İBB Meclisi CHP Grup Başkan Vekili Doğan Subaşı, Gerçek Gündem’den Sami Menteş’e yaptığı açıklamada, yolsuzluk dosyaları bekletilirken ‘özel teftiş’in başlatılmasını siyasi bir süreç olarak niteledi.
İBB Meclisi CHP Grup Başkan Vekili, “Bu teftiş hukuki bir süreç değil siyasi bir süreç. Bakan bunun tersini söyleyerek açıklama yapma gereği duydu. Çünkü herkes bunun siyasi bir süreç olduğunu biliyor. Dolayısıyla yolsuzluk soruşturmasıyla bu teftişi karşılaştırdığımızda ikisinin ortak noktası siyasi süreç olması. Buradaki siyasetten beklenen ne? Orada yolsuzluk soruşturmalarının sonuçlanmaması hedefleniyor, o yüzden bekletiliyor. Burada da kendilerince bir sonuç almak istiyorlar o yüzden bu kadar hızlı davranıyorlar” diye konuştu.
AKP’nin buradaki hedefi ne?
Subaşı, bunun yanıtını şöyle verdi:
“İçişleri Bakanlığı bunu Twitter’da açıklıyor. Buradaki amaç bu akşam bunu konuşun yarın bunu konuşun demek. Tabi bütün gün bunu konuştuk. Buradan hukuki bir sonuç çıkmayacak. Benzer bir şey 23 Haziran öncesi oldu. ‘Sandık kurulları FETÖ’cüdür şucudur bucudur’ diye değişik şeyler söylediler. Sonra onların hepsi kovuşturmaya yer olmadığı kararıyla dosyaları kapandı gitti.
Burada da birtakım isimler kamuoyunda dolaşabilir. Bunlarla ilgili belki dava da açılır ama sonunda bir şey çıkmaz.
Bunun benzerini 31 Mart ve 23 Haziran öncesi gördüğümüz için bunun da benzer bir sürecin parçası olduğunu değerlendiriyorum.”
“Yeni bir seçim sürecine muhtemelen gidiyoruz” diyen Doğan Subaşı, “Haziran ya da sonbaharda olabilir. Seçim sürecinde de terörle ilişki olma iddiası sıklıkla herhalde kullanılacak. Bu 31 Mart’ta ve 23 Haziran’da seçmen için bir anlam ifade etmedi. Dolayısıyla bu iddialarla seçmenin karşısına çıkarlarsa çok ağır bir yenilgi alacakları açık” ifadelerini kullandı.

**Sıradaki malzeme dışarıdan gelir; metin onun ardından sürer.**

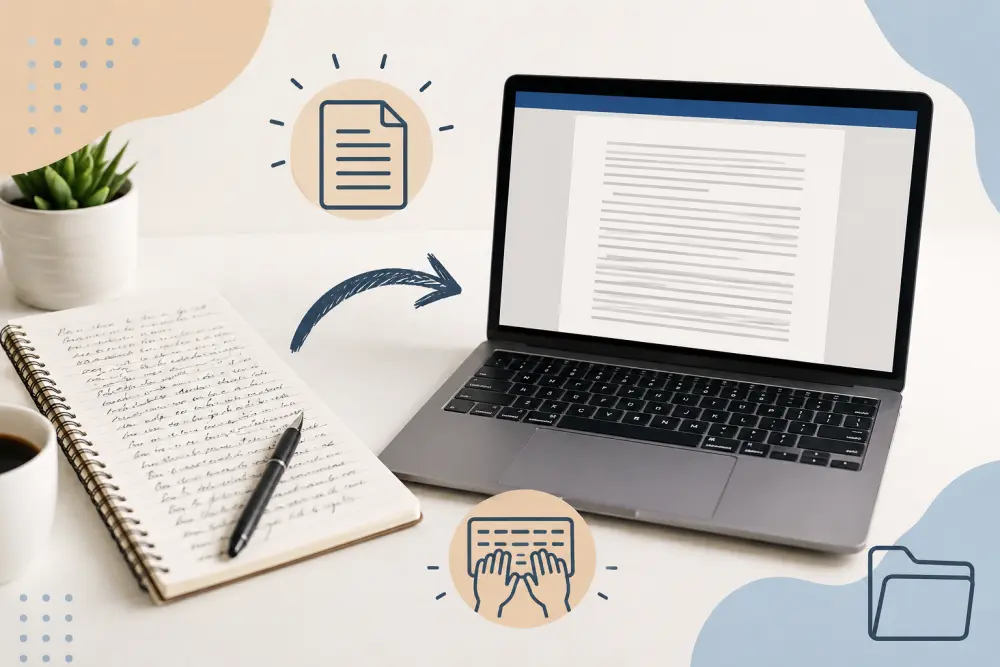 كتابة وتحويل المحتوى من ملفات ورقية أو PDF إلى Word أو Excel باحترافية ودقة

“YENİ ‘OSMANIMLAR’ BULMAKTAN KAÇINMAZLAR”
31 Mart yerel seçimlerinden önce, AKP’li bir bakanın, bir FETÖ tutuklusuna Ekrem İmamoğlu aleyhinde ifade vermesini ve bu ifadeden sonra serbest bırakılacağını söylediği ortaya çıkmıştı.
Peki, yakın dönemde yeni gizli ya da açık tanıklar çıkabilir mi?
Deneyimli bir hukukçu da olan Doğan Subaşı, bu sorunun yanıtını Ergenekon duruşmalarından örnekle verdi:
“Bu iktidardan her şey beklenir. Bunların kendilerini sınırladığı ne hukuk kuralı ne etik kuralı var. Ama bir analiz olarak beklemediğimi söyleyebilirim. Ama olabilir… Çünkü yargı artık çok fazla siyasallaştı. Dolayısıyla Ergenekon davalarında görmüştük, bir savcı oradaki tanıklardan birine ‘Osmanım’ diye seslenmişti. O kadar yakın bir ilişkisi vardı. Yeni ‘Osmanımlar’ bulmaktan kaçınmazlar. Öylelerini de bulabilirler.”